In these conditions and with the operative profile indicated above, the total fuel consumption of the tug-boat would be 265 l/h, that, for the 1500 h per year indicated in 1 imply a total fuel consumption of 398 m3 per year.

This implies that the proposed system has a fuel saving of 76 m3 per year that is a 16% saving, compared to the base ones.

We can therefore conclude that the proposed system is an improvement in terms of overhauling cost and in fuel consumption cost, improving the environmental footprint of the tug-boat.


As part of the SMARTUG project, which is intended to improve tug-boat design, safety, comfort and provide a reduced environmental footprint, an analysis of the propulsion configuration has been carried out for an 80 TBP harbour ASD tug-boat.

The Propulsion Configurations that have been analyzed were the following:

  1. Diesel Mechanical system of Direct Transmission
  2. Hybrid system with PTI
  3. Diesel Electric system with two Gen-Sets, shared load.

It has been concluded that the most interesting configuration, emphasising engine working rates and overhauls, is the second one due to the following reasons:

  1. The working rate of the engines is closer to the optimum one, avoiding the very low rates.
  2. The working time of the engines is reduced, increasing the Time Between Overhauls.

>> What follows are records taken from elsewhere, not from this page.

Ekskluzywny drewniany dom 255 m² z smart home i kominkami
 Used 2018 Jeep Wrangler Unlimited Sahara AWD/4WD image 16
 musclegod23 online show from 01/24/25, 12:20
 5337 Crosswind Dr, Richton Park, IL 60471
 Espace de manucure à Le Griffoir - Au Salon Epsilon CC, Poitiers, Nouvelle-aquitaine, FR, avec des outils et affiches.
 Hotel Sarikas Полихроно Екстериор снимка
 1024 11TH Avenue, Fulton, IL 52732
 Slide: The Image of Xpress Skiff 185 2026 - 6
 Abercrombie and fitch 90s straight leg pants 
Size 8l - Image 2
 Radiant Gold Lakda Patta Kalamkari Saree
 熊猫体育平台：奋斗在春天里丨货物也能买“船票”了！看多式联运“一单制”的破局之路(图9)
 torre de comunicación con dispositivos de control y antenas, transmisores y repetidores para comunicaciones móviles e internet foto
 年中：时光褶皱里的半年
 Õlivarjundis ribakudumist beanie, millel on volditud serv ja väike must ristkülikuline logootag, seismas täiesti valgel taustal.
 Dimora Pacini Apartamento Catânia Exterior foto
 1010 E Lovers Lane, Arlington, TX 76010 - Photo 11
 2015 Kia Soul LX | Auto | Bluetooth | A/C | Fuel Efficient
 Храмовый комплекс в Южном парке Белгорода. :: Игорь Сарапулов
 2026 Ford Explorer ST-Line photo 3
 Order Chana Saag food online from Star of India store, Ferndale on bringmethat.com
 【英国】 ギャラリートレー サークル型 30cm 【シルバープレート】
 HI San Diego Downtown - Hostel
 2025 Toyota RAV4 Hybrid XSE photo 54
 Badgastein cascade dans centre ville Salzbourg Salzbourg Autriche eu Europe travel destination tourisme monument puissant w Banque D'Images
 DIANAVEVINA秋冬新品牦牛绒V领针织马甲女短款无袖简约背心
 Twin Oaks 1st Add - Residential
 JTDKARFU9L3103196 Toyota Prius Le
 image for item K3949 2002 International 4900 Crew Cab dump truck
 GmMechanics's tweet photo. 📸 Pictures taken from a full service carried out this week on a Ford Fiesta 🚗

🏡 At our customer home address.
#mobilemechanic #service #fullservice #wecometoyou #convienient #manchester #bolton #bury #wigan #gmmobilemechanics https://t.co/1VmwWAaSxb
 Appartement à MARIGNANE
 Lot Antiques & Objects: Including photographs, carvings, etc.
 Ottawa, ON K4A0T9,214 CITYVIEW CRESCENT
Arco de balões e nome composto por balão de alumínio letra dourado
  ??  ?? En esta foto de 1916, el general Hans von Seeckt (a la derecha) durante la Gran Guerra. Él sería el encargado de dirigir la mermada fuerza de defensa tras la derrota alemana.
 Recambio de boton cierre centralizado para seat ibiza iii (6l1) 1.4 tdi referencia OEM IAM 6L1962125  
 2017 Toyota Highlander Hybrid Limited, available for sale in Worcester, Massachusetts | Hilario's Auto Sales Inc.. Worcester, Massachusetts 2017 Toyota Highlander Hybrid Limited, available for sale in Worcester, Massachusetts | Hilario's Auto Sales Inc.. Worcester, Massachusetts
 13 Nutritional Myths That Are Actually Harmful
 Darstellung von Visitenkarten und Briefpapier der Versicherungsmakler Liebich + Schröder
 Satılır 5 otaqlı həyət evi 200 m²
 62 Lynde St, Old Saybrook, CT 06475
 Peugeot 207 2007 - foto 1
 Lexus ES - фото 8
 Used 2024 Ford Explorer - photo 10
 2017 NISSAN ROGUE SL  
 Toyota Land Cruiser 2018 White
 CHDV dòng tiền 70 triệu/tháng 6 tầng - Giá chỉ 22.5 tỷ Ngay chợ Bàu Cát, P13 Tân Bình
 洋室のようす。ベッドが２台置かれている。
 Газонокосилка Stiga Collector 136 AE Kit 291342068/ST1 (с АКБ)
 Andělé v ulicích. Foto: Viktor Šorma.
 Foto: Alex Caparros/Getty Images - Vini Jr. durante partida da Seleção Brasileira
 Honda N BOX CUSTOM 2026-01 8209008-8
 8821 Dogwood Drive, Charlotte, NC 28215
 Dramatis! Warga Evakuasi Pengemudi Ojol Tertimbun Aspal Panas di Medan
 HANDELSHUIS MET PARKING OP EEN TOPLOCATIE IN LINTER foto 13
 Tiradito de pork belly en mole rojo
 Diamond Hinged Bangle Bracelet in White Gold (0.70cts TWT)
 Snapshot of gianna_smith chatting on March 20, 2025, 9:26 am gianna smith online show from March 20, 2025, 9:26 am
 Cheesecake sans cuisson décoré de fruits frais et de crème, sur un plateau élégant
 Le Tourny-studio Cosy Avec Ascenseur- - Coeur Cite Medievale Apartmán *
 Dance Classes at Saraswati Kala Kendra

Additionally, the fuel consumption of the different configurations has been analysed.

In this regard, a strong dependence on the specific fuel consumption curve of the commercially available engines has been detected, and therefore no general conclusions can be obtained. It would be necessary to perform a specific study on a case-by-case basis.

However, in order to give an idea of the order of magnitude, the fuel savings can reach 16% for the second configuration compared with the base one.

For all these reasons, the recommended configuration in the framework of the SMARTUG project is the hybrid system with PTI, due to the advantages implied in terms of operational cost and environmental footprint.